Für kleinere Unternehmen könnte es sogar kritisch werden. Die Zahl der Insolvenzen bei mittelständischen Autozulieferern ziehe an, erklärte Branchenexperte Thomas Steinberger von der Beratungs- und Wirtschaftsprüfungsfirma PwC. Dabei werde der dramatischere strukturelle Umbruch zum Elektro-Auto die Zulieferer erst in zwei oder drei Jahren treffen. Erste Krisenzeichen zeigten sich bei Maschinenbauern, die für die Autoindustrie tätig sind, ergänzte Rechtsanwalt Frank Grell, der für die Kanzlei Latham & Watkins große Sanierungen begleitet.

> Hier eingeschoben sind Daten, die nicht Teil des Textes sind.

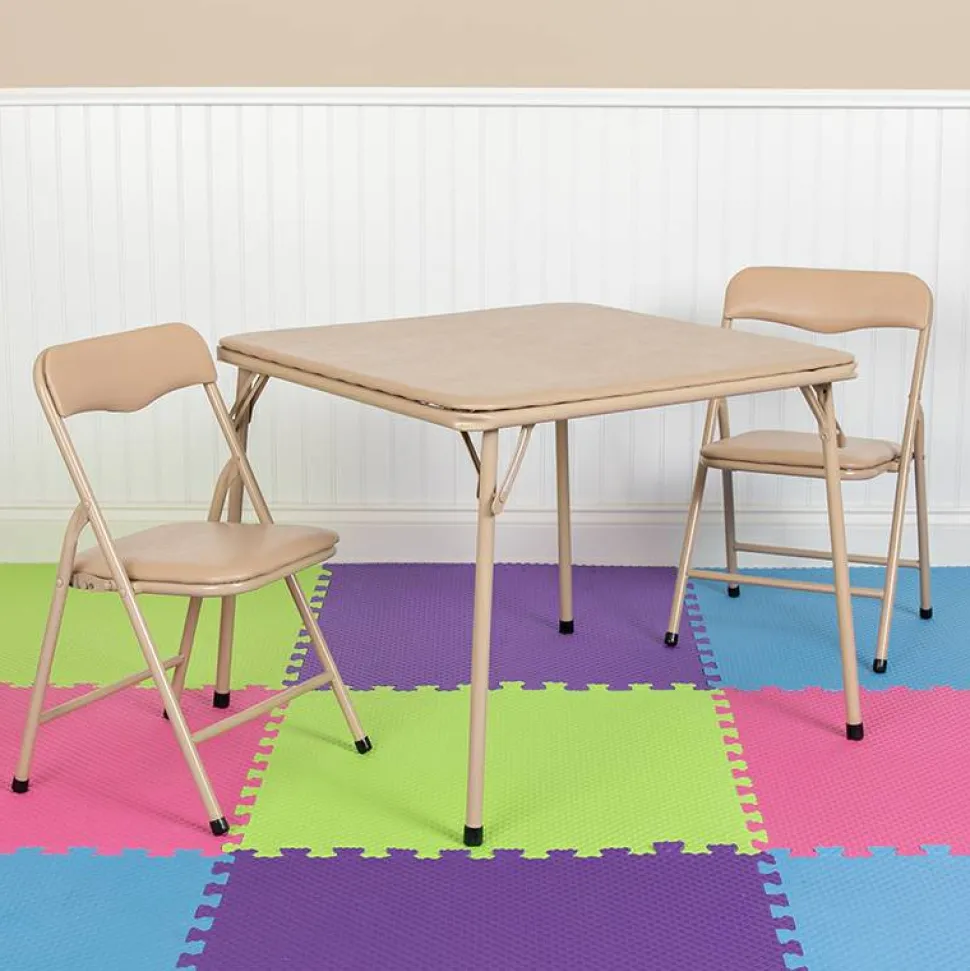 Mindy Kids Tan 3 Piece Folding Table and Chair Set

HITZE, HOHE LÖHNE, GROSSE SCHÄDEN

Generell ziehen sich die Gewinnwarnungen aber durch viele verschiedene Branchen - vom Medizintechnikanbieter Drägerwerk, über den Abfüllanlagenbauer Krones und den Versicherer Talanx bis zum Dialysespezialisten Fresenius Medical Care (FMC). Teils sind die Gründe allgemeine wie Handelssorgen oder Währungseinflüsse, teils aber auch sehr spezifische. So schlugen bei FMC neben einem schwächeren Geschäft in den USA auch die Kosten für eine Informationskampagne in der Debatte über eine Änderung der Dialysebehandlung in Kalifornien durch. Talanx verdarb eine Häufung von Großschäden bei Industriekunden die Gewinnplanung.

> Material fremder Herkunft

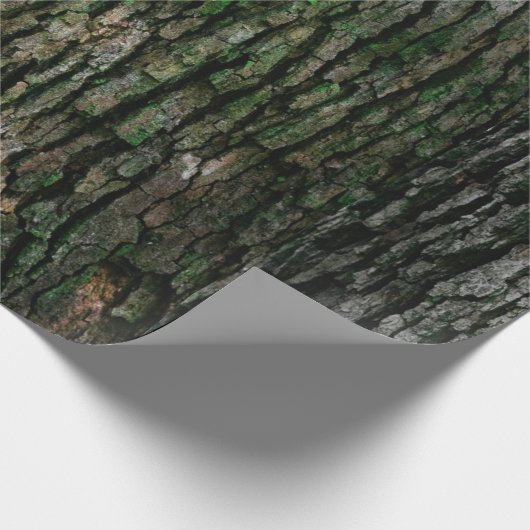 Rustige Faux Houtkorrel Bark Moss Cadeaupapier (Hoek)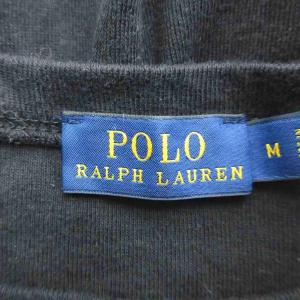 POLO RALPH LAUREN Tシャツ カットソー M 黒 ブラック ラウンドネック 長袖 ロゴ刺繍 /HO9 ECD001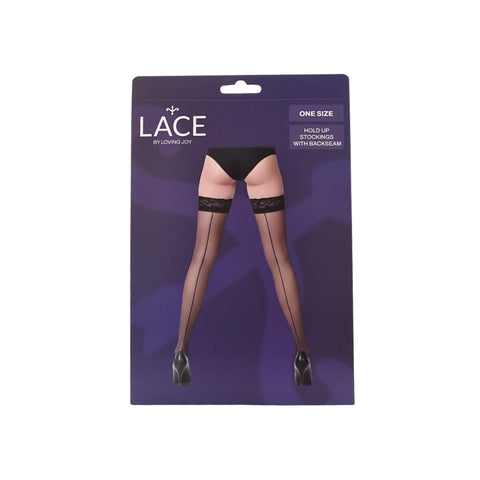Lace By LJ Sheer Hold Up Stockings With Backseam – Sheer Stockings > Clothes > Hosiery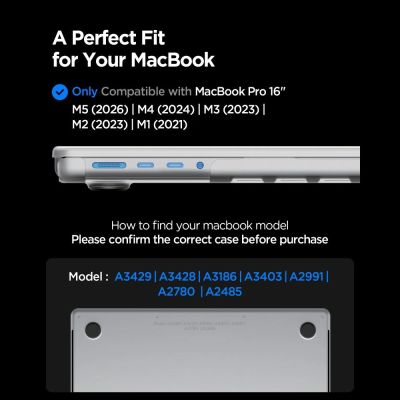 11. Spigen AirSkin Case for MacBook Pro 16" 2021 / 2023 / 2024 / 2025 / 2026 - Transparent Matte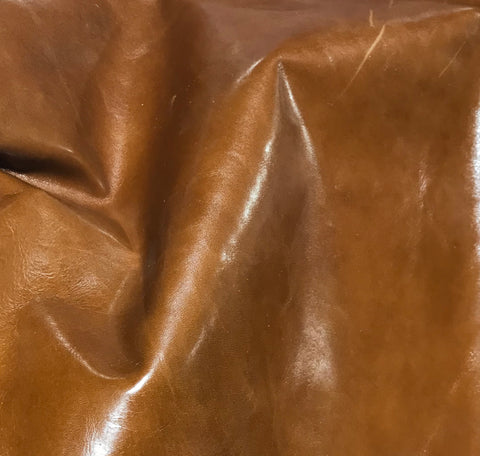 Shiny Caramel Brown - Cow Hide Leather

Konsumnahen Firmen machte vor allem der heiße Sommer zu schaffen: Bei Temperaturen von an die 30 Grad bis in den September hinein verflog bei den Kunden die Lust auf Herbstmode und lange Shoppingtouren. Darunter litten der Online-Händler Zalando, das Modeunternehmen Tom Tailor oder Europas größter Elektronikhändler Ceconomy. Dass die Muttergesellschaft der Ketten Mediamarkt und Saturn ihr ohnehin schon gekapptes Gewinnziel verfehlte, kostete Chef Pieter Haas den Job. Aber auch der Salz- und Düngemittelhersteller K+S litt unter der Trockenheit: Wegen des niedrigen Wasserstandes der Werra konnte der Konzern salzhaltige Abwässer, die bei der Kaliproduktion anfallen, dort nicht mehr in ausreichendem Umfang einleiten, die Produktion stand einige Wochen still.

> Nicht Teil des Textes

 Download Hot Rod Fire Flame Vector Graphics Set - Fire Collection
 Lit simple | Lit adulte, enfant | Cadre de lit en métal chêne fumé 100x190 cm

Ganz andere Probleme haben die Baustoffkonzerne: HeidelbergCement kappte seine Ergebnisprognose wegen widriger Wetterbedingungen in den USA und hohen Energiekosten, die den Betrieb der Zementöfen verteuerten. Konkurrent LafargeHolcim zog am Freitag mit einer Gewinnwarnung nach. Der Schweizer Konzern führte noch einen weiteren Grund an: Wegen eines Mangels an Lkw-Fahrern seien die Löhne gestiegen.